State Department Legal Adviser Harold Koh says the use of drone strikes to kill suspected terrorist targets are legal and the administration intends to share the legal justification for the program publicly, reports Shane Harris:
National Journal asked Koh, the senior official responsible for international legal issues, to share his views after his public remarks at an American Bar Association speech Wednesday. "I have studied this question," Koh said. "I think that the legal objections that are being put on the table are ones that we are taking into account. I am comfortable with the legal position of the administration, and at an appropriate moment we will set forth that in some detail."
This will likely come as news to the ACLU, which filed a FOIA lawsuit yesterday demanding the legal justification for the use of drone strikes in countries where the U.S. is not at war, following the government's refusal to provide any documents relating to their initial FOIA request on the subject.

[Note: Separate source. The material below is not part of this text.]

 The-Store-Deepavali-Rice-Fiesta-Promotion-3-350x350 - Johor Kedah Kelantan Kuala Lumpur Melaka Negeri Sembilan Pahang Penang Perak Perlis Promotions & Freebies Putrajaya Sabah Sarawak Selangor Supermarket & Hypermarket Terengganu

A study from Peter Bergen and Katherine Tiedemann at the New America Foundation estimates that a third of those killed in drone attacks have been civilians, and Philip Alston, the U.N. Special Rapporteur on Extrajudicial Executions, has previously suggested they may break international laws against assassination.
Like domestic surveillance, the Obama administration has managed to dodge questions of legality by keeping the details of the program secret. So it will be interesting to see if the administration does end up releasing the legal justification for the drone program publicly.
Legal or otherwise, the drone strikes nevertheless raise ethical questions that shouldn't be papered over.